Professors identify “coaching opportunities” for each other.

Newly appointed department chairs and administrators used to be chefs.

People you report to have degrees in nebulous things like, “academic leadership.”

Job applicants with degrees from unaccredited schools and online seminaries get interviews and are occasionally hired.

You attend mandatory training with content barely scratching the surface of a 100-level undergraduate course in your field.

Colleagues with post-doc work refer to mandatory training sessions as “professional development” and endure them with the damaging enthusiasm of a traveling new-thought sideshow.

Co-workers casually quote Dale Carnegie in meetings like it’s no big deal.

You regularly attend meetings with people you do not know.

Co-workers cover the cameras on their laptops.

People search for things like, “can audio recordings be used as evidence in a deposition?”

Events held on campus are hyperbolically praised and celebrated. As such, you receive bi-weekly T-shirts for functions you did not attend.

You find remnants of a union that was busted years ago.

The person responsible for busting that union sits on committees with you.

They might wear an eye-patch and occasionally a surgical mask.

Tenure disappears.

Students are referred to as “customers” and “revenue streams.”

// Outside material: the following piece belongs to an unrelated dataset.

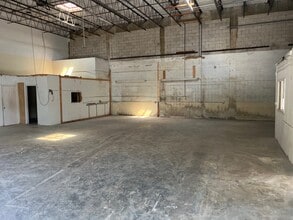 1020-1040 W Prospect Rd, Fort Lauderdale, FL à louer Photo intérieure– Image 1 sur 5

Administrators say things like, “All we can do is hope for another recession.”

The library gets rid of all books because digital content is the future.

People responsible for things like the Flint water crisis sit on the board of trustees and have vested financial interests in your institution.

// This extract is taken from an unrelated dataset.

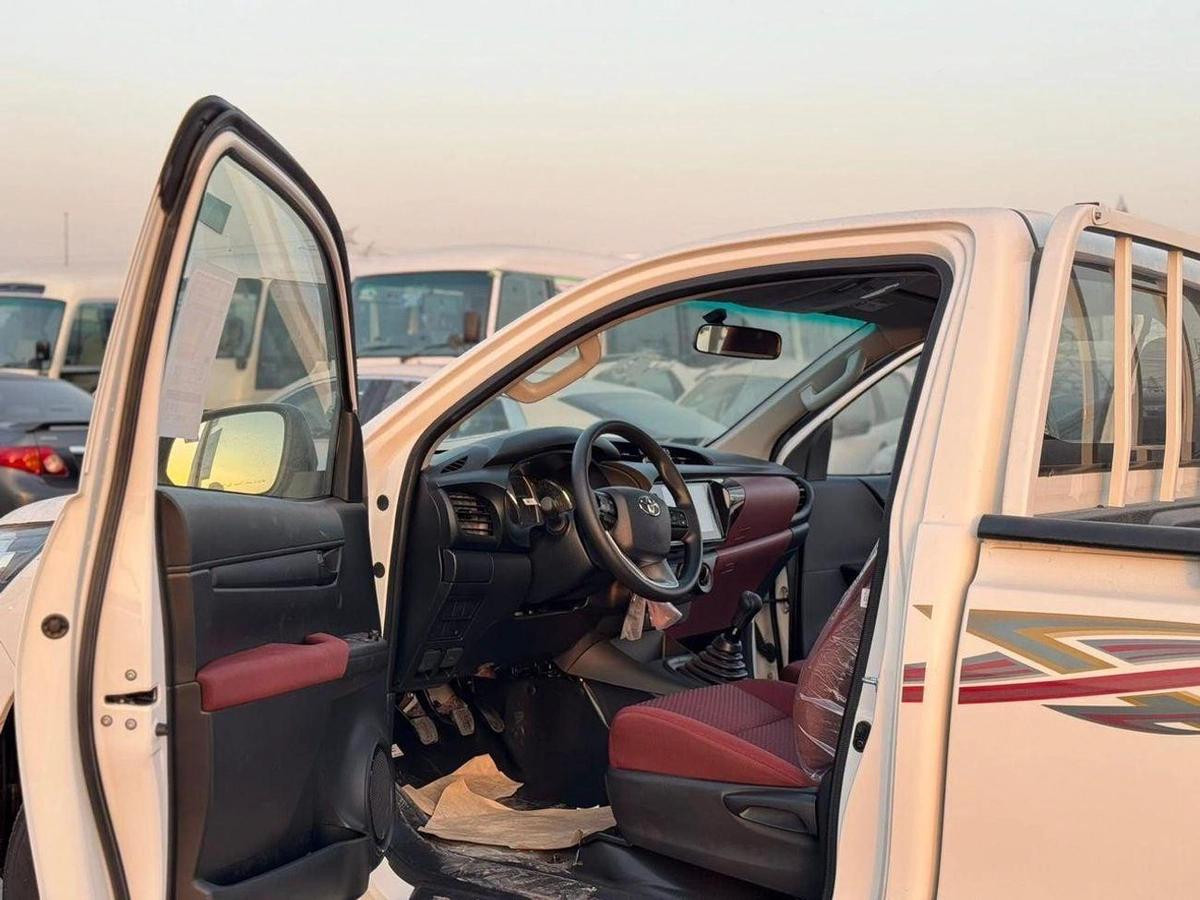 Toyota Hilux GL 2.7L Single Cab Utility-5-5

An increasing number of co-workers mispronounce “pedagogy” and then double down by using the word to describe non-pedagogical things.

You no longer receive a stipend to attend conferences.

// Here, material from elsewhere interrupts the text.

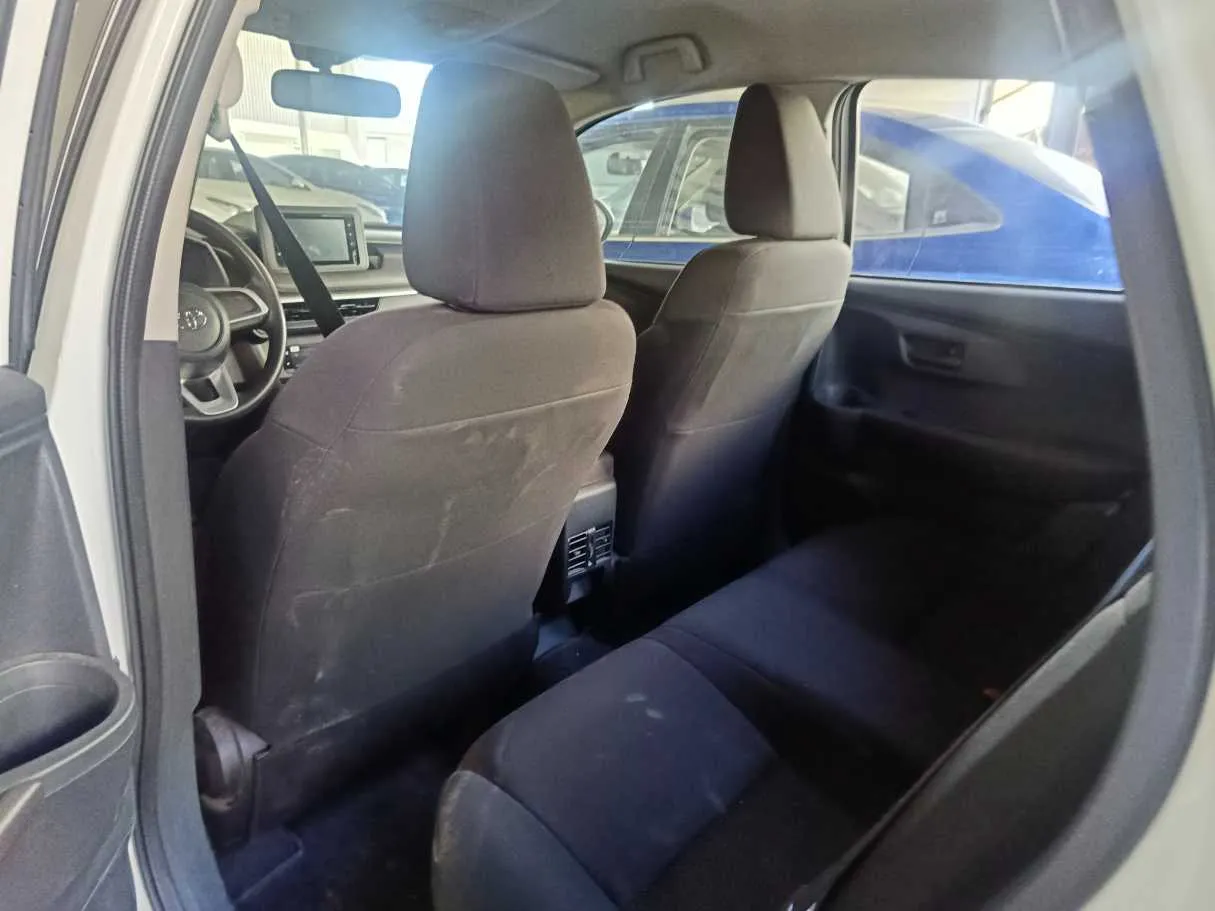 Car image 19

An increasing number of faculty hold advanced degrees from the institution you work for.

You find yourself questioning your level of responsibility.

The pattern recognition part of your brain goes haywire as basic information is leveraged as a weapon.

You write things like, "For all I know this is a well-designed plan executed perfectly” and “Everyone is unknowingly chasing the wrong thing” and mean them.

One of your bosses previously taught kindergarten and currently makes jokes about Title IX violations.

You find yourself interviewing for a job you already have and it’s exactly like Office Space.

People interviewing you for the job you already have are not in your field, nor are they academic peers, and they will commend themselves for getting through certain questions they do not understand.

Campus cafeterias and coffee corners close with no explanation until one day they are replaced by vending machines that do not work. Students and faculty unite in shared confusion.

You join the Diversity and Inclusion Committee with hopes of transforming it into a fully functioning department.

Diversity and inclusion work includes hanging American Flags in all classrooms, pushing play on a documentary film about Gandhi, and hosting Taco Tuesday in the faculty lounge.

Colleagues make jokes about all the rooms on campus being bugged.

Your institution hosts Lynchian online-only conferences where people play games in exchange for CV lines.

People that were fired are rehired because the person responsible for posting the job didn’t know how/forgot.

Married couples oversee departments together.

You are told to stop working so hard because “At the moment ‘we’ need to fix the reportables [sic] for our accrediting bodies.”

Colleagues talk increasingly of conflicts they are having with each other. Entire mornings are lost.

You attend mandatory, catered 8-hour meetings.

Catered 8-hour meetings intermittently allow 2-to-4 but never 5-minute breaks. It is not enough time for a cigarette, which you can only smoke in your car.

Colleagues ask you what “HBCU” stands for.

Colleagues try to fire each other for some reason.

Student retention is an issue of concern AND you are frequently asked the difference between quantitative and qualitative forms of analysis.

Buildings around campus slowly start closing off wings and no one says anything. Eventually, some buildings are not used at all.

Classes are offered that do not exist and students sign up for them.

Administrators say things like, “That’s the thing with data; we can make it say anything.”

When you attempt to file a complaint you learn the department dealing with complaints no longer exists.